Final answer:
To calculate how fast the water level in a rectangular pool is rising when being filled by a garden hose, divide the volume of water added per minute (0.1 m³) by the pool's base area (32 m²), resulting in a rise of 3.125 mm per minute.
Step-by-step explanation:
The question is asking to find out how fast the water level is rising in a rectangular pool that is being filled with water. To solve this problem, we need to find the volume of the pool and then calculate the rate at which the volume is increasing with the water being added by the garden hose.
The pool dimensions are 4 meters wide, 8 meters long, and we don't know the depth (height) yet. Since the volume of water coming from the hose is 1 cubic meter every 10 minutes, this means that every minute, 0.1 cubic meters of water is added to the pool.

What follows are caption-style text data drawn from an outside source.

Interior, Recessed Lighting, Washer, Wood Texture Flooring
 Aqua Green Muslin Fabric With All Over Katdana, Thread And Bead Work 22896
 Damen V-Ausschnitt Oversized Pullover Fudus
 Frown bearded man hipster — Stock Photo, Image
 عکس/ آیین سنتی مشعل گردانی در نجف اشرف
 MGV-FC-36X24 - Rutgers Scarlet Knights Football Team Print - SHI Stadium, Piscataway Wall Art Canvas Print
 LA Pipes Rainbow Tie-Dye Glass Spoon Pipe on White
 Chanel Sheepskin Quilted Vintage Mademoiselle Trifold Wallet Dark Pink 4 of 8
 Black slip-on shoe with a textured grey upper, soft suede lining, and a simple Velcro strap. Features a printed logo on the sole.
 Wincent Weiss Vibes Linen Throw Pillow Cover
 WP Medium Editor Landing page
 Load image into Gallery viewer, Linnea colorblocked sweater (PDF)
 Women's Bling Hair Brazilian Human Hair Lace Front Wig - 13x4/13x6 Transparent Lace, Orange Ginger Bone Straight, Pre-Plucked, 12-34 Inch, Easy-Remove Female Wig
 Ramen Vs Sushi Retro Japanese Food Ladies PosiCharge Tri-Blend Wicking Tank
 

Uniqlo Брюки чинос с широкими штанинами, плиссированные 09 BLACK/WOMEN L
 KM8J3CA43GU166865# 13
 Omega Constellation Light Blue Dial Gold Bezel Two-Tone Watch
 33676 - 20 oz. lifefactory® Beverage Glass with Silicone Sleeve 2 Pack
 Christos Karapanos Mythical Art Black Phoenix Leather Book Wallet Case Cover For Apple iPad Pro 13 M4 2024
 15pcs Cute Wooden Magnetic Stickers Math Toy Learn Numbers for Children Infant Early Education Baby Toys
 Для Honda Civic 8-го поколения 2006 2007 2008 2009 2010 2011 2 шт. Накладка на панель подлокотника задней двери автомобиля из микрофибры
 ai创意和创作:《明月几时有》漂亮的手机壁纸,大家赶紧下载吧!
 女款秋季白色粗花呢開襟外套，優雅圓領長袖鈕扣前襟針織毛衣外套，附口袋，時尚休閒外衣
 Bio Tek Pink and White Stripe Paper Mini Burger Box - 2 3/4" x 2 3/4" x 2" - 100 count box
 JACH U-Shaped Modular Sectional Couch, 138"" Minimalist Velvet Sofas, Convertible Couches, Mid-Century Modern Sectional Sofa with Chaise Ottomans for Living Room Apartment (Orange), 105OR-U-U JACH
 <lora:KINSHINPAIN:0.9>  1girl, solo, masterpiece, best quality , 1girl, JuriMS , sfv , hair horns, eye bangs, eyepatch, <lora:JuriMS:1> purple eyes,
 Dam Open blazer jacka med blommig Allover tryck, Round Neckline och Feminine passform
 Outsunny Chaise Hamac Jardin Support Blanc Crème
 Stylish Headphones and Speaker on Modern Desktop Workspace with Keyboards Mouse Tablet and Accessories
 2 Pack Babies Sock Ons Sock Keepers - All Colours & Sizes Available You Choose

To find out how fast the water level is rising, we divide the volume added per minute by the area of the base of the pool:
- Volume added per minute = 0.1 cubic meters
- Area of the pool's base = Width × Length = 4 m × 8 m = 32 m²
- Rise in water level per minute = Volume added per minute ÷ Area of the pool's base
- Rise in water level per minute = 0.1 m³/min ÷ 32 m² = 0.003125 m/min or 3.125 mm/min
Therefore, the water is rising at a rate of 3.125 mm per minute.